> PROBLEM TO SOLVE: Please output exactly the lines from the one that holds "Novia Ruched Bodice Maxi Dress Embroidered Off White - L Novia" through the final line of the data, and nothing else; leave out any pictures.
■ ■ ■
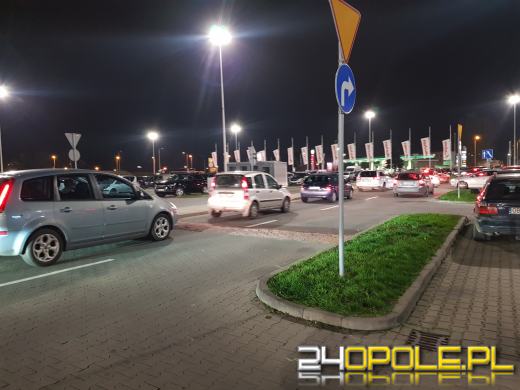 Opolanie ruszyli na zakupy. Od jutra większość sklepów w galeriach będzie zamknięta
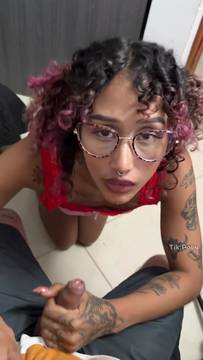 Hot Porno elissecinnamon in Blowjob and Glasses Porn Latina Tattoo Porn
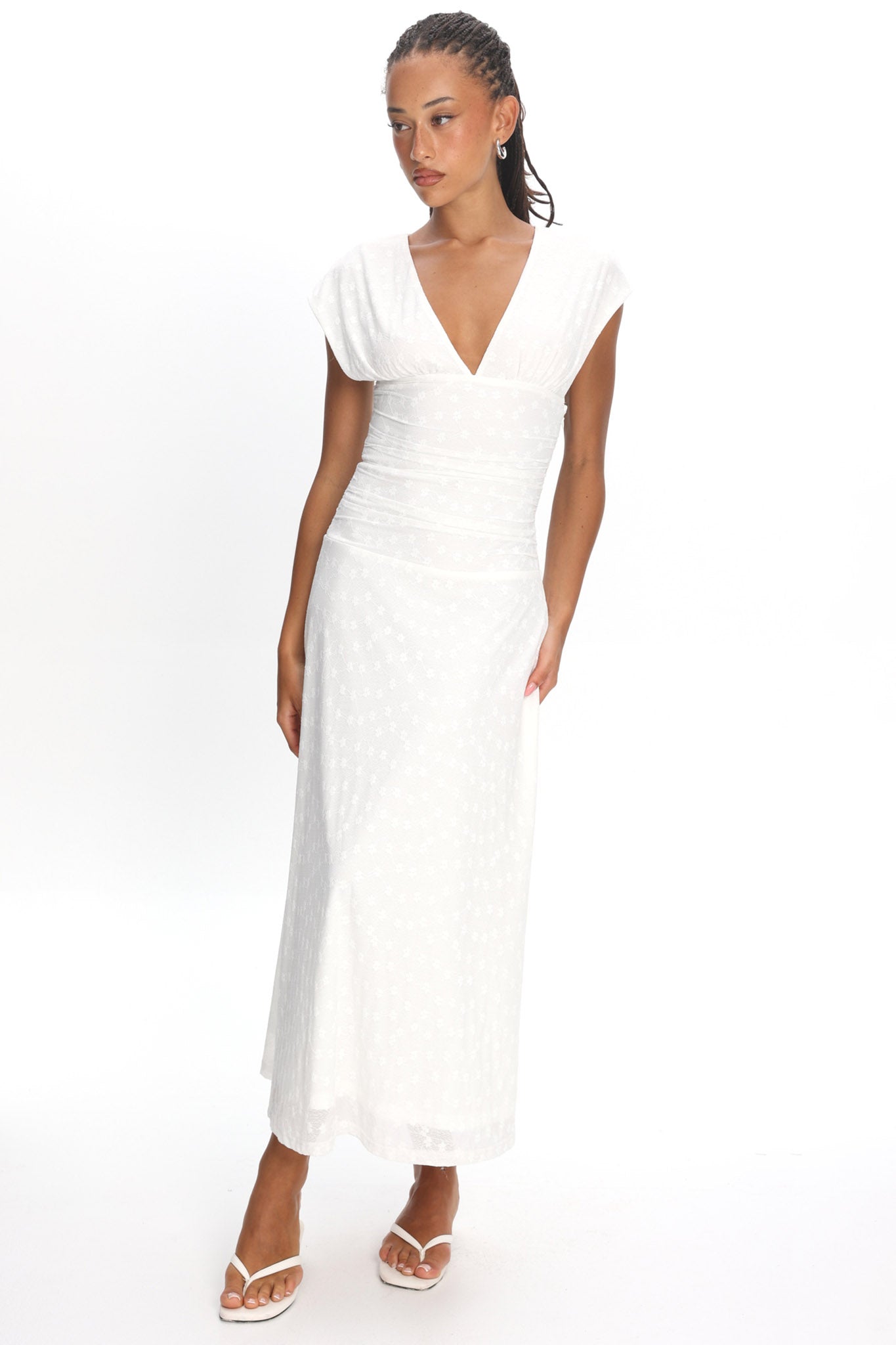Novia Ruched Bodice Maxi Dress Embroidered Off White - L Novia Ruched Bodice Maxi Dress Embroidered Off White - L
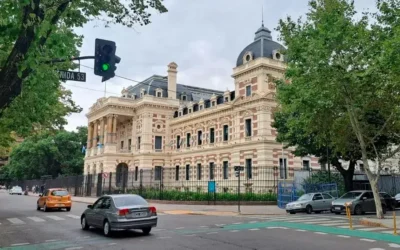 La Provincia convocó a paritarias tras la presión de los gremios estatales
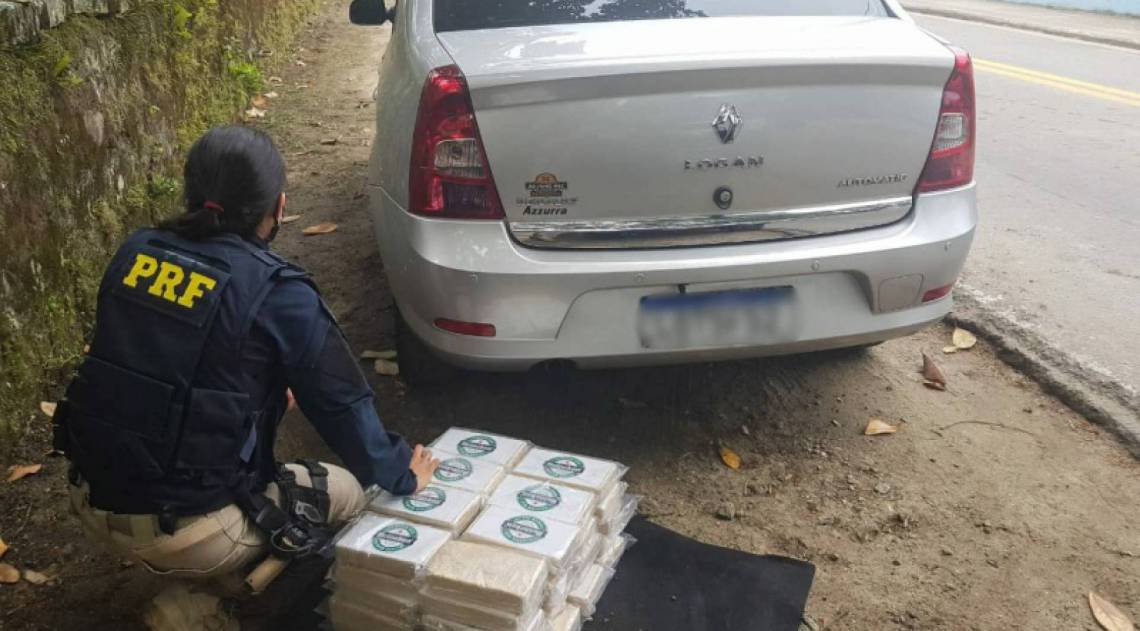 Material estava em um carro abandonado - Divulgação/PRF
■ ■ ■
> RESULT OF THIS EXERCISE:
Novia Ruched Bodice Maxi Dress Embroidered Off White - L Novia Ruched Bodice Maxi Dress Embroidered Off White - L
 La Provincia convocó a paritarias tras la presión de los gremios estatales
 Material estava em um carro abandonado - Divulgação/PRF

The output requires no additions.